Bloomberg ha intervistato un’ex dipendente Apple che si occupava delle approvazioni delle app su App Store, il quale ha parlato dei problemi iniziali legati all’approvazione manuale, del motivo per cui le app vengono rifiutate, delle app per Apple Watch che rappresentano un “imbarazzo” per Apple e tanto altro ancora.

Mark Gurman ha pubblicato questa lunga intervista a Phillip Shoemaker, che è stato responsabile capo delle approvazioni su App Store dal 2009 al 2016.

Shoemaker spiega che, inizialmente, il processo di revisione delle app prevedeva che tre persone controllassero l’app prima di approvarla. Questa scelta comportò lunghi tempi di attesa, che potevano durare anche due settimane.
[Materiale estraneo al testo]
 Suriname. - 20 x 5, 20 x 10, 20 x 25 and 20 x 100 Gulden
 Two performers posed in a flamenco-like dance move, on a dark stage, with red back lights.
Successivamente, i tempi sono diminuiti dopo che Apple attivò alcune automazioni e decise che poteva bastare una sola persona per app.

Phil Schiller ha sempre spinto affinché il processo di approvazione fosse sempre riesaminato da occhi umani, e non solo da strumenti automatizzati, per limitare app con contenuti impropri o malevoli. “Eppure“, dice Shoemaker, “ci sono molte app sullo store che non dovrebbero essere lì“.
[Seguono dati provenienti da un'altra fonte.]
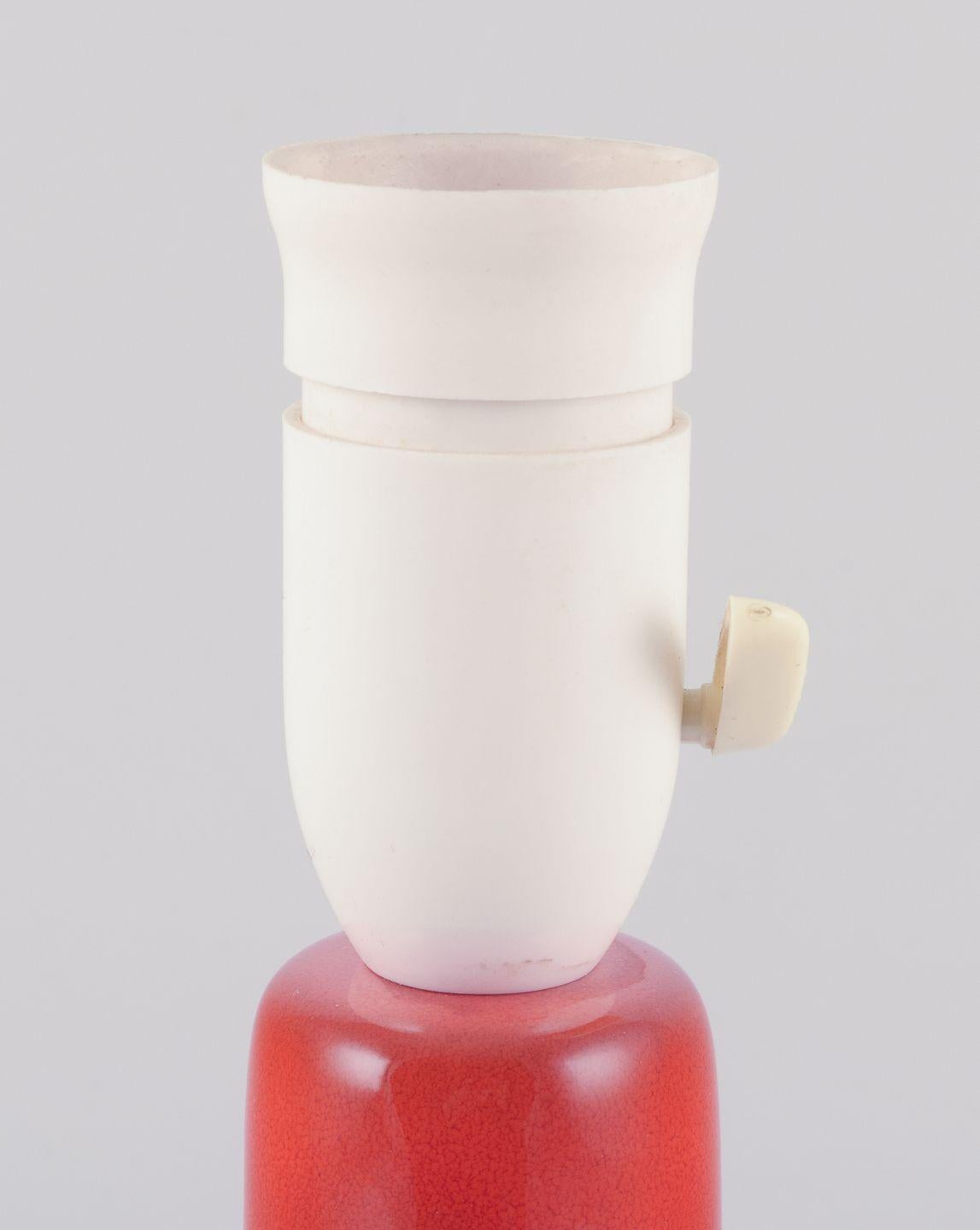 Pre-owned goods are exempt from import duties for U.S. customers. 
Therefore, no import tariffs will be applicable to your purchase.

Frank Keramik, Denmark.
Table lamp made of glazed stoneware.
Minimalist retro design. Hand-glazed with orange
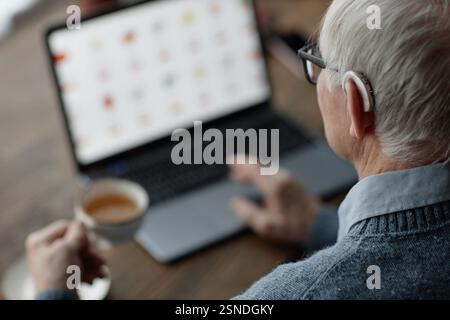 Photo au-dessus de l'épaule d'un homme âgé portant une prothèse auditive derrière l'oreille travaillant sur un ordinateur portable à la maison tout en utilisant une technologie d'assistance, espace de copie Banque D'Images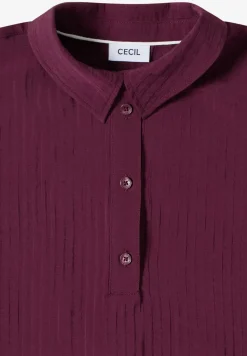 Blouse structurée à épaules tombantes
L’ex dipendente spiega che fu lui a convincere i dirigenti ad abbassare il numero di persone da tre a una per il controllo di ogni singola app, ma per essere autorizzati ad effettuare le revisioni su App Store bisognava seguire diversi corsi di formazione guidati proprio da Shoemaker.

Malgrado la forte attenzione di Apple verso le app da approvare o rifiutare, soprattutto nei primi anni diversi titoli sono stati pubblicati malgrado non avessero i requisiti necessari. Tra quesi viene ricordata l’app “I am Rich”, che costava 1.000 dollari e non faceva praticamente nulla.
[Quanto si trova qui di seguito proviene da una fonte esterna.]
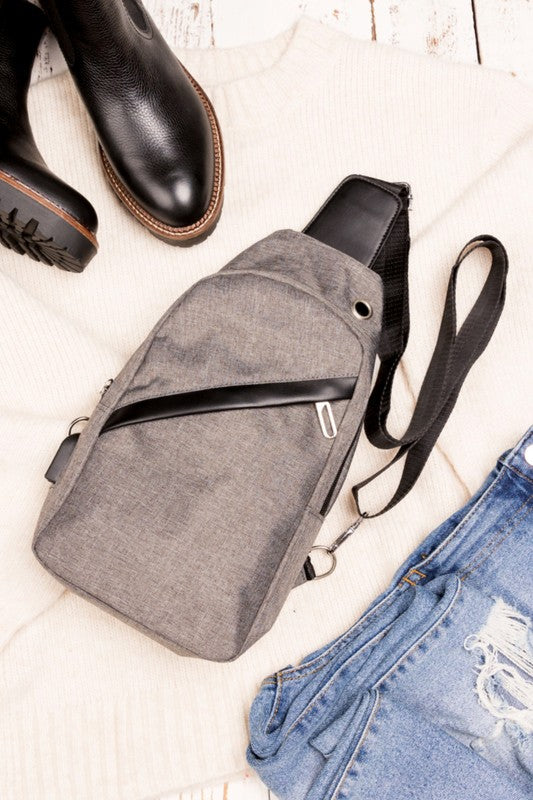 Cross Zip Sling Bag Canvas Exterior Nylon Interior Adjustable Strap Multiple Pockets Earphone Slot Silver Hardware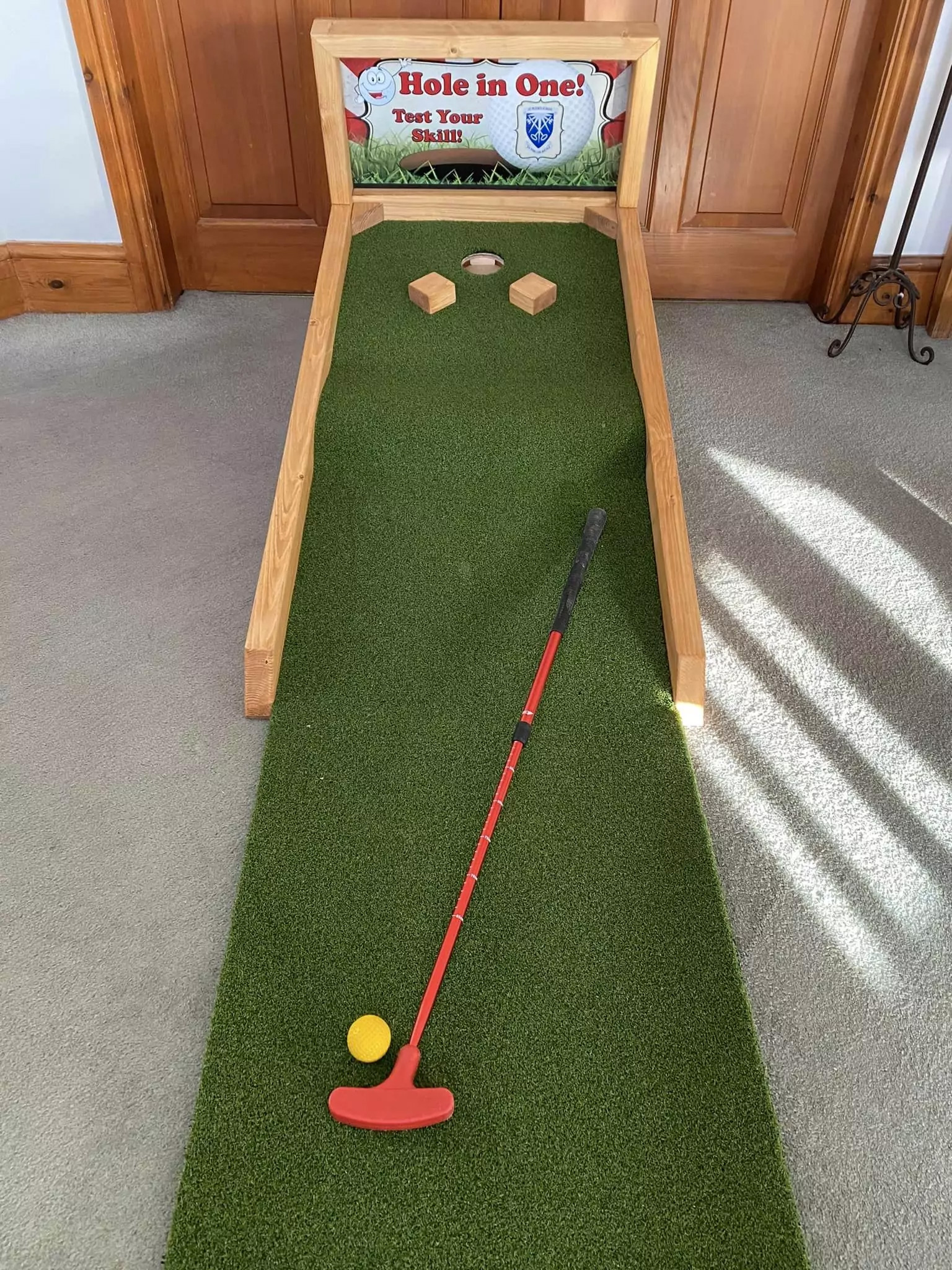 Thumbnail 3 — WD15 Hole in One -  the ball comes back. . The games is 6ft long and 2ft wide and comes with adjustable putter and ball. for Sale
Shoemaker ha anche detto che per lui era molto difficile rifiutare alcune app: “Sapevo che la mia decisione impediva ad un’app di entrare nello store e bloccava uno sviluppatore che magari puntava sulla monetizzazione di quel lavoro per mettere il cibo a tavola o mandare i figli a scuola. Ogni volta che dovevo fare quelle chiamate mi si spezzava il cuore”.

Gurman ha poi chiesto a Shoemaker se tutti gli sviluppatori venivano trattati allo stesso modo o se qualcuno avesse ricevuto un trattamento speciale. Shoemaker ha detto che Steve Jobs era fermamente convinto che le regole dovevano essere applicate allo stesso modo per tutti gli sviluppatori: “Non a caso chiamai più volte Facebook perché la loro prima app aveva uno dei peggiori codici che avessi mai visto“.

Ci sono poi anche delle preoccupazioni: “Oggi Apple ha realizzato molte app in-house che offrono funzioni del tutto simili ad app terze esistenti da tempo. Non si può negare che ci sia un conflitto che, di fatto, limita la competizione e la concorrenza. Sono molto preoccupato per questo“.

Un’altra curiosità interessante riguarda le app di Apple Watch. Shoemaker ha notato che sono sempre state fonte di “imbarazzo” per Apple, a causa della mancanza di interesse da parte degli sviluppatori.

Non a caso, ci si aspetta che watchOS 6 integri un proprio App Store per cercare di alimentare il mercato delle app per Apple Watch.